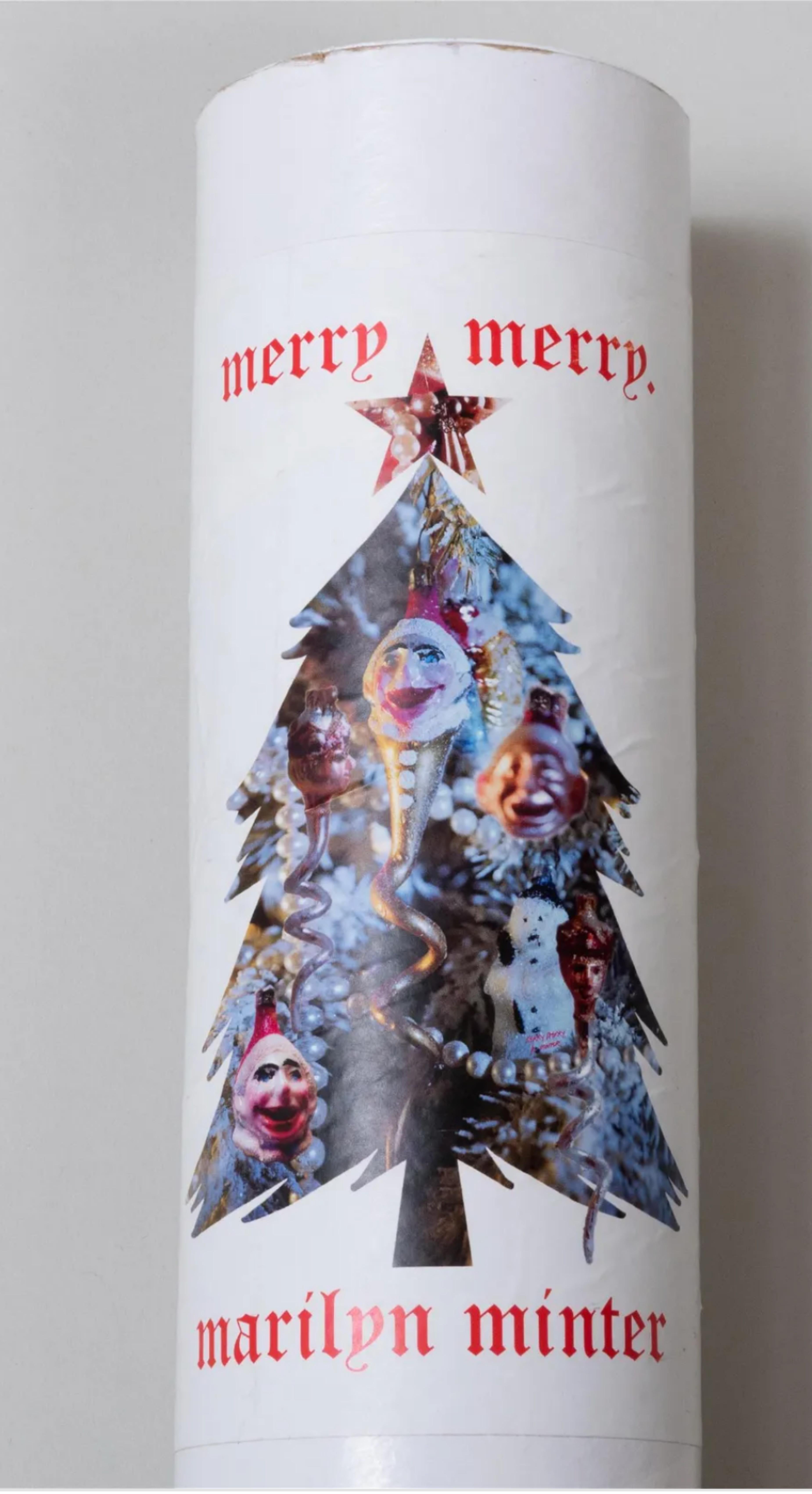 Marilyn Minter
Merry Merry: Limited Edition Large Christmas Stickers, 2007
One oversized sheet of die-cut vinyl stickers
Outside label on the tube is from Marilyn Minter's studio which the artist has hand addressed to the recipient, collector Melva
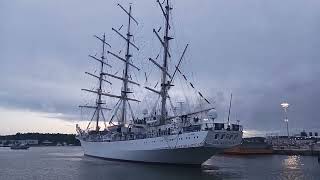 The Tall Ships Races 1772024 Turku  Dar Młodzieży Arrives In Turku Full Docking [upl. by Ihskaneem448]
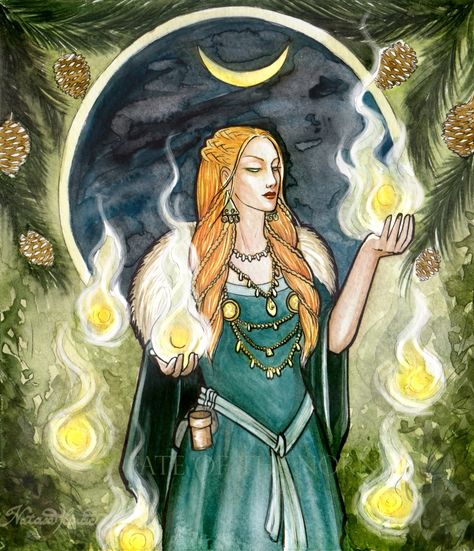 Laufey or Nál is a figure in Norse mythology and the mother of Loki. The latter is frequently mentioned by the matronymic Loki Laufeyjarson (Old Norse 'Loki Laufey's son') in Eddic poetry, rather than the expected traditional patronymic Loki Fárbautason ('son of Fárbauti'), in a mythology where kinship is ideally reckoned through male ancestry. The meaning of the Old Norse name Laufey is unclear, but it is generally taken to be related to lauf ('leaves, foliage'), perhaps attached to the suffix Natasa Ilincic, Loki Laufeyjarson, Norse Names, Celtic Deities, Nordic Mythology, Creature Fantasy, Norse Gods, Norse Goddess, Norse Myth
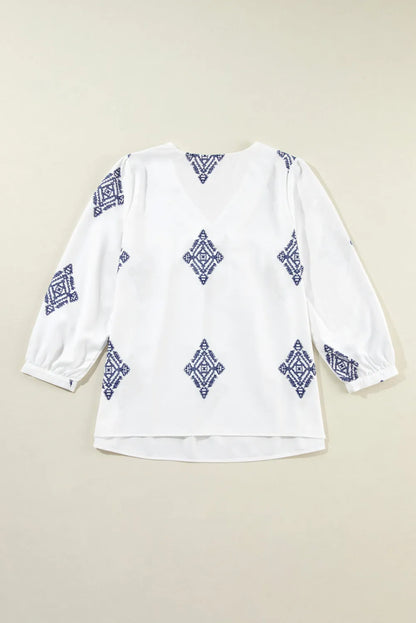 White Boho Geometric Print Bracelet Sleeve V Neck Blouse - Chic Meadow Boutique 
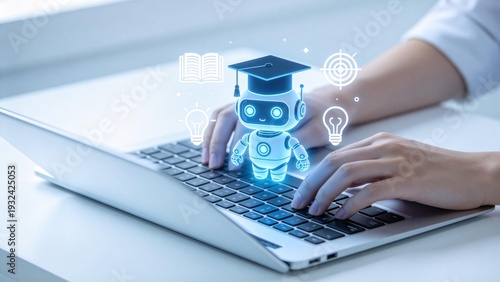 Cute AI robot assistant with graduation cap on laptop keyboard,online education technology,smart learning innovation,artificial intelligence tutor concept
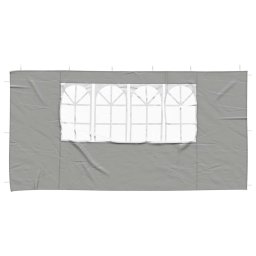 vidaXL Party Tent Zijwand 2 st 400 x 195 cm Lichtgrijs PE en staal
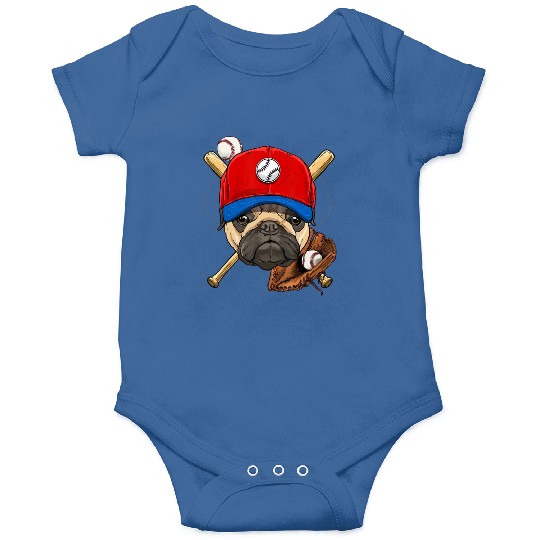 Baseball Player Coach Pug Dog Lover Pug Mom Onesies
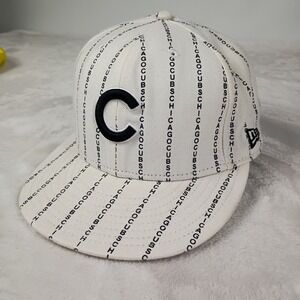 New Era Fitted Hat Men 7 3/4 White Chicago Cubs Pinstripe Text Logo Baseball Cap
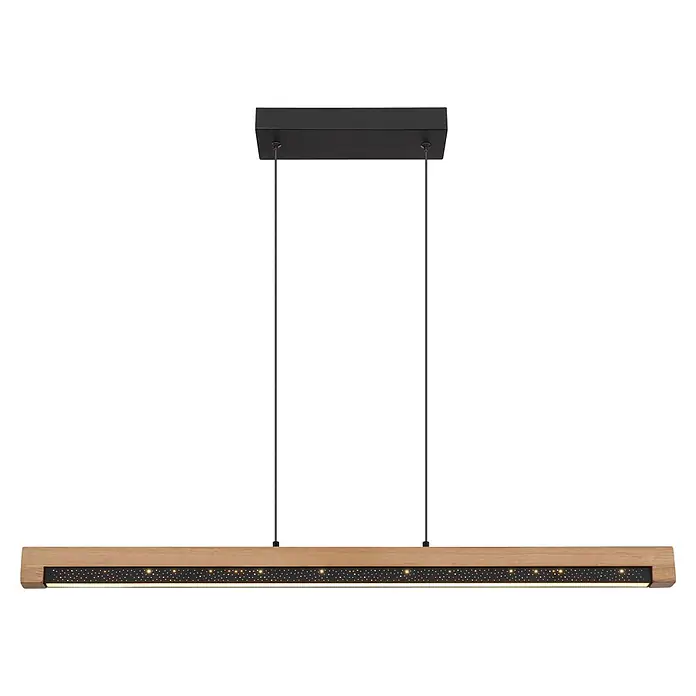 Globo LED-Pendelleuchte rund Starla - 24 W - Lineare LED-Pendelleuchte mit Holzrahmen, schwarzer Deckenhalterung und schimmernder Lichtfläche.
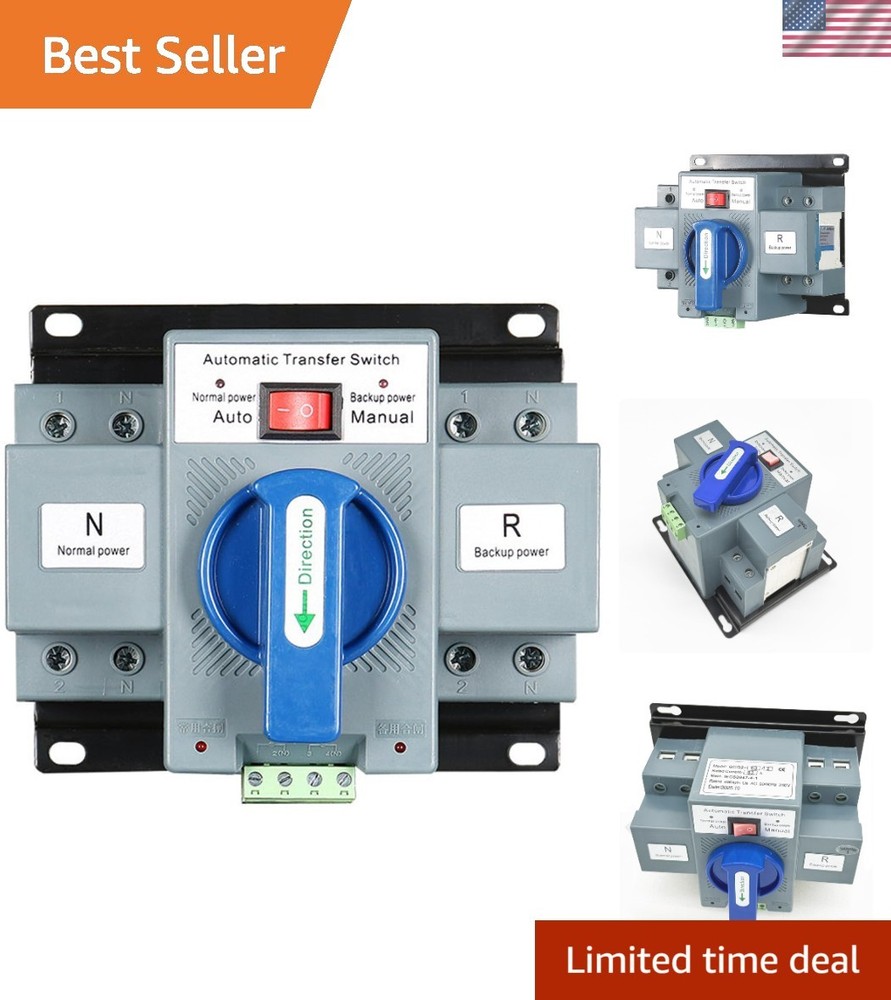 Reliable 2-Position 63A Transfer Switch with Manual Control for Versatile Use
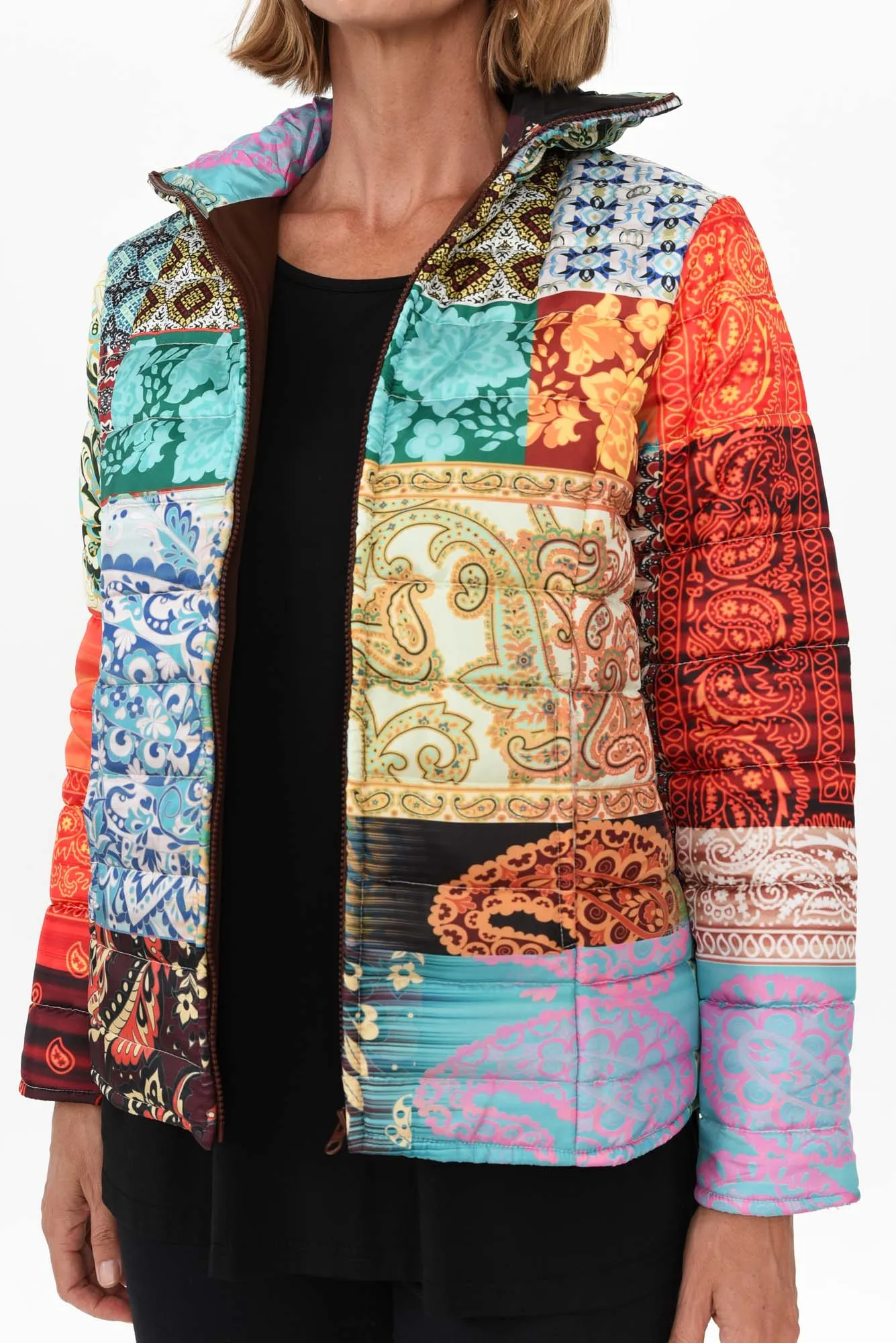 Adonis Blue Paisley Puffer Jacket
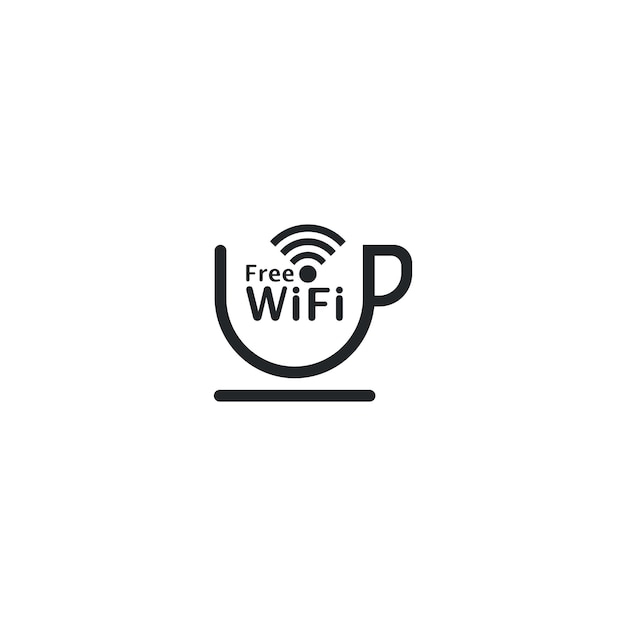 Wifi gratis con vector de icono de logotipo de taza de café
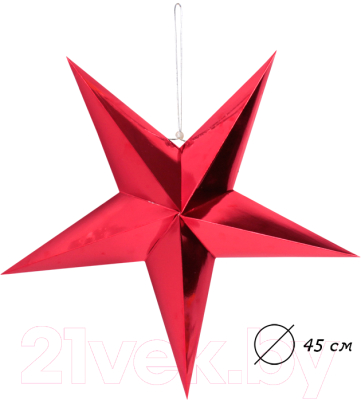 Елочная игрушка Darvish Paper Star / DV-H-1745-1 (красный)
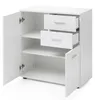 FineBuy Komoda biela s dvierkami a zásuvkami 71 x 78 x 35,5 Náhľad obrázku produktu 6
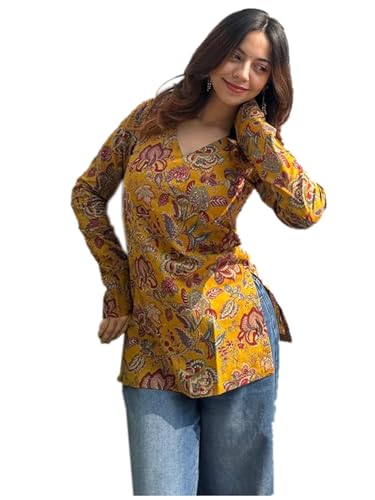 Image of ANNI Designer Cotton Short Kurti for Women | Stylish Kurti | Short Kurti Top | Casual Kurta for Women | Comfortable Cotton Kurtis for Womens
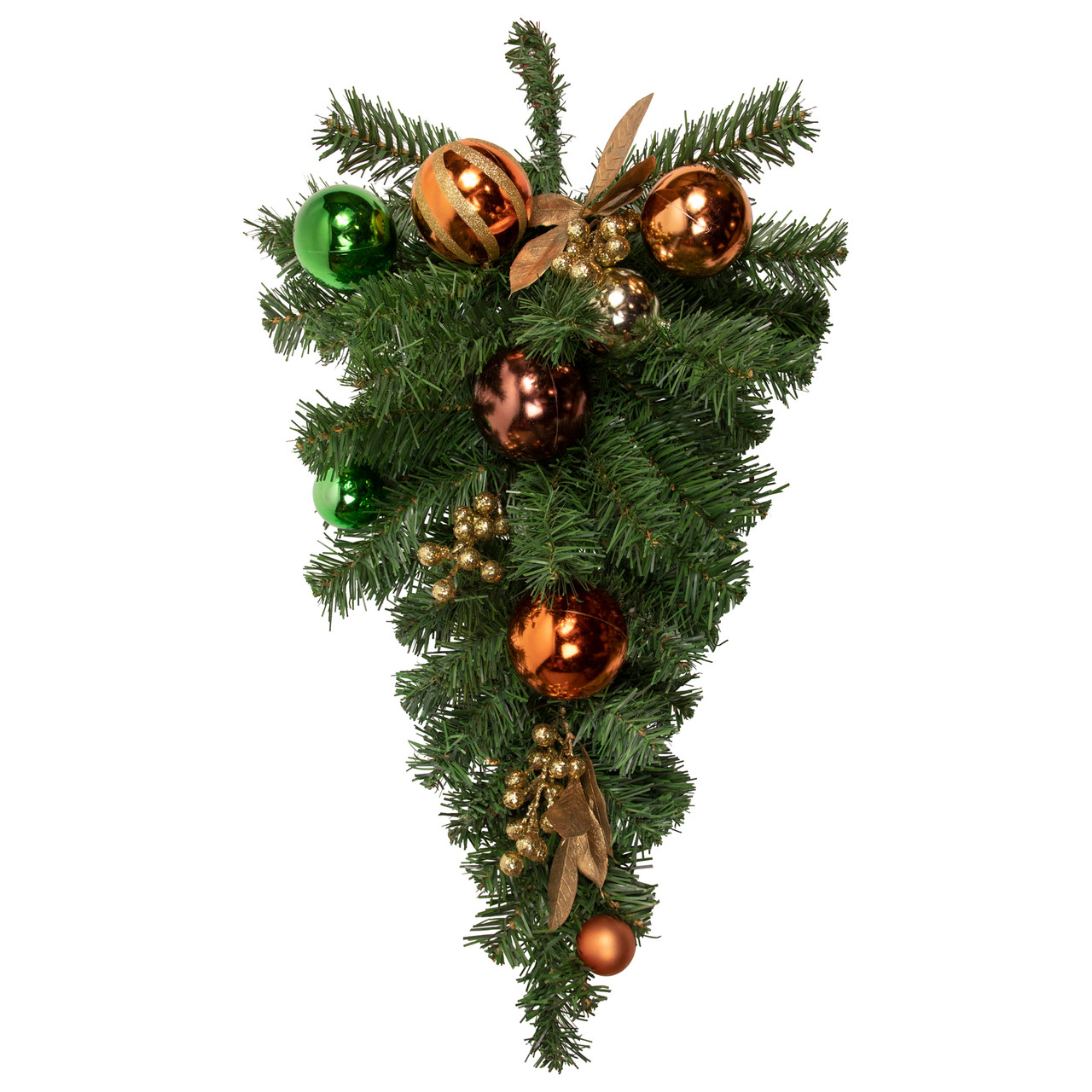 Pine Foliage with Ornaments Artificial Christmas Teardrop Swag - 30" - Unlit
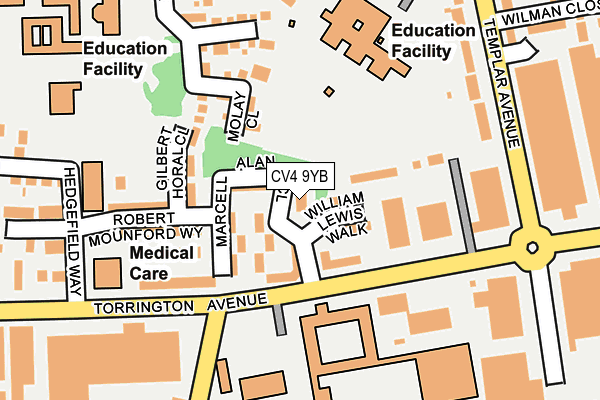 CV4 9YB map - OS OpenMap – Local (Ordnance Survey) CV4 9YB map - OS OpenMap – Local (Ordnance Survey)
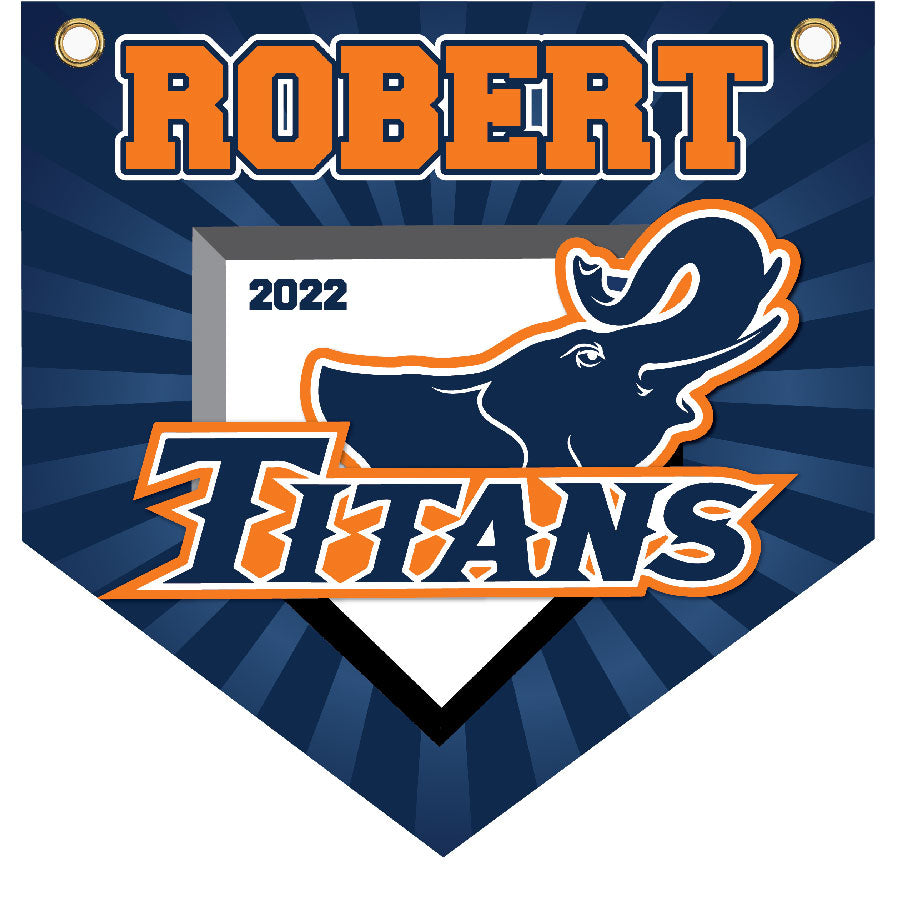 16" x 16" Home Plate Pennant - Titans (Elephant)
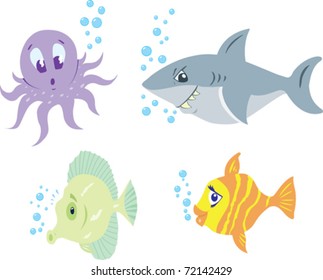 Four different cartoons of cute, funny fish.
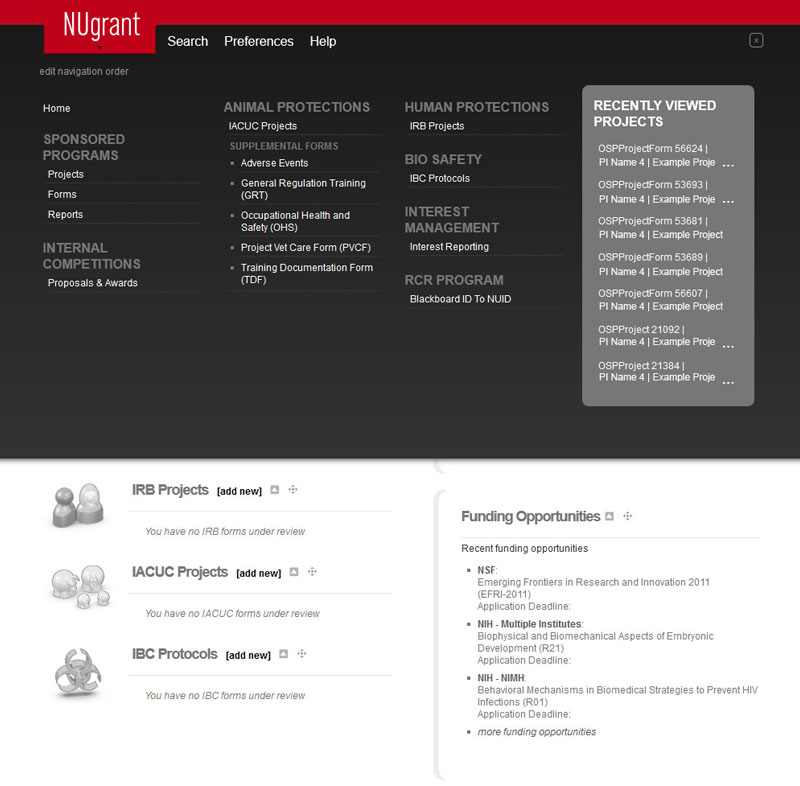 image from NUgrant research administration system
= = =
▶ [What is being asked] Your answer should be the lines from the first record down to the line containing "The Tall Ships", restated exactly, with no pictures.

▶ [Task solution]
 Marilyn Minter
Merry Merry: Limited Edition Large Christmas Stickers, 2007
One oversized sheet of die-cut vinyl stickers
Outside label on the tube is from Marilyn Minter's studio which the artist has hand addressed to the recipient, collector Melva
 The Tall Ships Races 1772024 Turku  Dar Młodzieży Arrives In Turku Full Docking [upl. by Ihskaneem448]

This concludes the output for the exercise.